Random sampling parity with NumPy

We’ve added naive support for the size parameters to the numpy.random functions supported by Aesara, but, after setting the RNG seed and generating multiple samples with size, the results do not match NumPy’s when parameter broadcasting is involved. Since the results do match when broadcasting isn’t involved, it seems like the iteration order appears to be the reason for this disparity–in at least the two cases I’ve tested: standard_cauchy and gamma.

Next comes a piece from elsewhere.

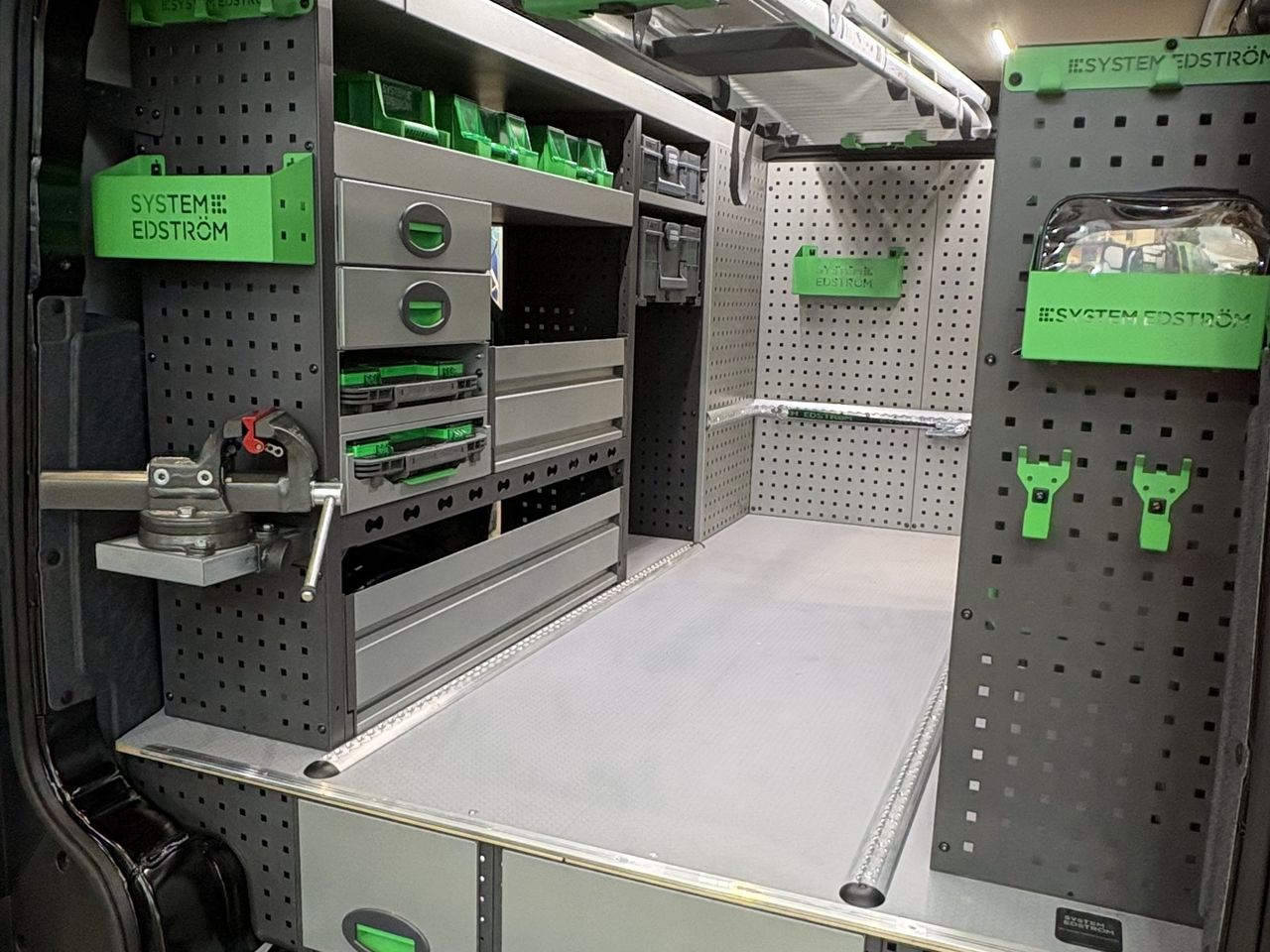 Ausgebauter Kia PV5 Cargo L2H1 in Dreiviertelansicht: Regale, Aufbewahrungsboxen und Transportschiene an der Decke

In the latter case, the logic can be traced to cont_broadcast_2 and the use of PyArray_MultiIterNew2 (or essentially just PyArray_MultiIterNew). Does anyone know the exact order in which this iterator object produces its elements, and/or how this can be reproduced in Numba?

Here’s an illustration for np.random.gamma that uses a Numba function similar to what’s produced by Aesara:

import numpy as np
import numba as nb
from functools import reduce


@nb.njit
def gamma(a, b, size):
    np.random.seed(232)

    size_len = reduce(lambda x, y: x * y, size)

    a_bcast = np.broadcast_to(a, size)
    b_bcast = np.broadcast_to(b, size)

    res = np.empty(size, dtype=np.float64)
    for n in range(size_len):
        res.flat[n] = np.random.gamma(a_bcast.flat[n], b_bcast.flat[n])

    return res


a_val = np.array([1.0, 20.0], dtype=np.float64)
b_val = np.array(1.0, dtype=np.float64)

res = gamma(a_val, b_val, (3, 2))
res
# array([[ 0.39615309, 18.06329295],
#        [ 1.05653084, 17.60267079],
#        [ 1.88297358, 20.82522561]])

np.random.seed(232)
exp_res = np.random.gamma(a_val, b_val, size=(3, 2))
exp_res
# array([[ 0.39615309, 15.82979862],
#        [ 0.37191629, 17.9364272 ],
#        [ 1.88297358, 16.43705365]])

My initial assumptions were not entirely correct: apparently the results may not match even when parameters aren’t being broadcasted:

# These parameters result in matching samples
a_val = np.array(1.0, dtype=np.float64)
b_val = np.array(20.0, dtype=np.float64)

res = gamma(a_val, b_val, (3, 2))
res
# array([[ 7.92306179,  8.49720122],
#        [ 3.12853278, 21.13061682],
#        [ 7.43832585,  6.68419228]])

np.random.seed(232)
exp_res = np.random.gamma(a_val, b_val, size=(3, 2))
exp_res
# array([[ 7.92306179,  8.49720122],
#        [ 3.12853278, 21.13061682],
#        [ 7.43832585,  6.68419228]])

# These don't
a_val = np.array(20.0, dtype=np.float64)
b_val = np.array(1.0, dtype=np.float64)

res = gamma(a_val, b_val, (3, 2))
res
# array([[17.81826817, 15.04965406],
#        [17.60267079, 26.33298681],
#        [13.3839478 , 22.84712425]])

np.random.seed(232)
exp_res = np.random.gamma(a_val, b_val, size=(3, 2))
exp_res
# array([[14.93257957, 14.40587564],
#        [15.10836299, 15.62507865],
#        [20.25415298, 16.48784293]])

Edit: np.random.gamma isn’t a good example, because its Numba implementation appears to take a different approach than NumPy altogether.